In 2015 is het Gerecht uitgegaan van een zeer ruime draagkracht van de vader (US$ 250.000-300.000 per jaar). Het Hof gaat - nu de vader in het geheel geen openheid verschaft en geen documentatie geeft voor zijn stelling dat bedrog en tegenwerking van de instanties hem beletten om zijn verdiencapaciteit te verzilveren - ervan uit dat zijn draagkracht - inkomen en/of verdiencapaciteit - nog steeds ruim is en dat, zoals het Gerecht heeft geoordeeld, de draagkracht van de moeder daarbij in het niet valt, ook als die, zoals de vader betoogt, iets hoger is dan het Gerecht heeft aangenomen. Ook tegen de in 2015 vastgestelde behoefte van het kind van US$ 1.000 per maand heeft het Hof, mede gelet op die ruime draagkracht van de vader, geen bedenkingen.
3.9.
Uit het voorgaande volgt dat het hoger beroep faalt. De bestreden beschikking moet worden bevestigd. Partijen zijn gewezen echtgenoten en de kosten worden gecompenseerd.
Beslissing
Het Hof bevestigt de bestreden beschikking en compenseert de kosten aldus dat iedere partij de eigen kosten draagt.

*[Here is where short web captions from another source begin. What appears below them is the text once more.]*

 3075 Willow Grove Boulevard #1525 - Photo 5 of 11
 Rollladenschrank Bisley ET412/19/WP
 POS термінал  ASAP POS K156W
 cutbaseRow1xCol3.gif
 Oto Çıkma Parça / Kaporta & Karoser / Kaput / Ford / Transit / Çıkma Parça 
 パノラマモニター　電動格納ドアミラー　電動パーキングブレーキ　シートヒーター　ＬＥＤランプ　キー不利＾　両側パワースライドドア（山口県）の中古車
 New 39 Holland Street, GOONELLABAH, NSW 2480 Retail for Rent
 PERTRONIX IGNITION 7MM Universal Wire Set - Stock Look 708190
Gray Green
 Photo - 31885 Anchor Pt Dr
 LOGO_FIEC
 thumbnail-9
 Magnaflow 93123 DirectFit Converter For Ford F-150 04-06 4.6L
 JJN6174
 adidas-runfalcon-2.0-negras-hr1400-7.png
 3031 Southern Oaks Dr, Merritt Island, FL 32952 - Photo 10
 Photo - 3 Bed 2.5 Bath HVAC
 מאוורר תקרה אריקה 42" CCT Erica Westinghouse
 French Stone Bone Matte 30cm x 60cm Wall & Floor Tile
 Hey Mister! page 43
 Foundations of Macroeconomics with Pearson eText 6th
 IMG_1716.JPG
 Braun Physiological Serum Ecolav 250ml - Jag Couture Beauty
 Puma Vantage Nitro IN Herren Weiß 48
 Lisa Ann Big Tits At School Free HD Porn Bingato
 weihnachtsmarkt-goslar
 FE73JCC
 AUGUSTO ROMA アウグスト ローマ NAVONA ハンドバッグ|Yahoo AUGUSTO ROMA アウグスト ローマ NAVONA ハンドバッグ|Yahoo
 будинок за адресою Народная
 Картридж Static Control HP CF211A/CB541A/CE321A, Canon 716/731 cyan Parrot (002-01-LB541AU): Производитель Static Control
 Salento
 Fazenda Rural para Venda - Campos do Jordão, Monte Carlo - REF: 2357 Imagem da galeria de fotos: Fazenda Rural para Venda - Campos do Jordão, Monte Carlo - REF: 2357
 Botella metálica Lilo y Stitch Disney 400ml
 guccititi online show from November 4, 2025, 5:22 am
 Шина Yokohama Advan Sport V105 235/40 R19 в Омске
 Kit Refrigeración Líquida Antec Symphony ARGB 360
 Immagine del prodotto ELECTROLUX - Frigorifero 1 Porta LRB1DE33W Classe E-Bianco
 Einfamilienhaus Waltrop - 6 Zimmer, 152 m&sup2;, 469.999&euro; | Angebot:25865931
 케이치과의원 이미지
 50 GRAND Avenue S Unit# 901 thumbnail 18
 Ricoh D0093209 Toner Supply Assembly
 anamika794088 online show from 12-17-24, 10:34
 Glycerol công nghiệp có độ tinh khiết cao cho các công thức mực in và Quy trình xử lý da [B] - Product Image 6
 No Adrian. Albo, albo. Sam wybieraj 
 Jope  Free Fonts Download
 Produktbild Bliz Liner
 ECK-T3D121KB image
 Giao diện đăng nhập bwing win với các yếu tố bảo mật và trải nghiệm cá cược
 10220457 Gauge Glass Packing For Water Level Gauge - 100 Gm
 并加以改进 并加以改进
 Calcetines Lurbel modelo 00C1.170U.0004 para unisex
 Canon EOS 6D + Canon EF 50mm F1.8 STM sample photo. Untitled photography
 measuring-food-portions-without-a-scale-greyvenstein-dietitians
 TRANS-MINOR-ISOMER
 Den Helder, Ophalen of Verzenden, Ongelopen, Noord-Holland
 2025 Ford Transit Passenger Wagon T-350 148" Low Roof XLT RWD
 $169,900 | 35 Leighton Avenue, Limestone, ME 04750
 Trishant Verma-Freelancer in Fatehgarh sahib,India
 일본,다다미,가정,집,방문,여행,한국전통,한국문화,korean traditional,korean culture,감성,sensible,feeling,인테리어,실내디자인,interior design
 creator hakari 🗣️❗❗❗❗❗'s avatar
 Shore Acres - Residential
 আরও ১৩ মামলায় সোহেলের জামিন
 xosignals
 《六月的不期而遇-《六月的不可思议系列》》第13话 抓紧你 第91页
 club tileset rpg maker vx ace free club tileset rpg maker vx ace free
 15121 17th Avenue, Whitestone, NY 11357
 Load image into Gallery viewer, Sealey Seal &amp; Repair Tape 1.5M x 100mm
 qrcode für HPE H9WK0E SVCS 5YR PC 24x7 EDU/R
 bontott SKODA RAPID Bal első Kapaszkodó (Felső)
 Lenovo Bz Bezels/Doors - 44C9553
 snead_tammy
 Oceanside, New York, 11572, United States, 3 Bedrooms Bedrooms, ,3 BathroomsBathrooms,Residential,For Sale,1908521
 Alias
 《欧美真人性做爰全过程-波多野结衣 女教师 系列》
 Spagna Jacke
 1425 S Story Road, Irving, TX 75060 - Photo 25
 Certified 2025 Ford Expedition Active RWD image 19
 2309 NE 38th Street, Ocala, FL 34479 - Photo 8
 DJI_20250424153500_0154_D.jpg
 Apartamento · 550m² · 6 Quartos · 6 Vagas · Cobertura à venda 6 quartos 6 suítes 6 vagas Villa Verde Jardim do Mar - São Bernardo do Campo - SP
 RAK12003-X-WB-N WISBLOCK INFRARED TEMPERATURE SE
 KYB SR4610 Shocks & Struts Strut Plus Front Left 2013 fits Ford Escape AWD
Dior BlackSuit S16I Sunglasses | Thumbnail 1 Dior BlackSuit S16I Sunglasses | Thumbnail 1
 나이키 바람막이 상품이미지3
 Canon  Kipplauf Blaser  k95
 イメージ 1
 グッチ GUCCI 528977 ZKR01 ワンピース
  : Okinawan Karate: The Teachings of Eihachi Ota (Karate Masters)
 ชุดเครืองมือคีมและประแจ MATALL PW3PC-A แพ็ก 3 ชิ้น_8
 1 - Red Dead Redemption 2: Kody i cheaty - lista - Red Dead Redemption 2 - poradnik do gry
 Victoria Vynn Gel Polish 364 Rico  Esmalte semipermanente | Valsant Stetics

Deze beschikking is gegeven door mrs. F.W.J. Meijer, M.W. Scholte en J. de Boer, leden van het Gemeenschappelijk Hof van Justitie van Aruba, Curaçao, Sint Maarten en van Bonaire, Sint Eustatius en Saba en ter openbare terechtzitting van het Hof in Curaçao uitgesproken op 24 augustus 2021, in tegenwoordigheid van de griffier.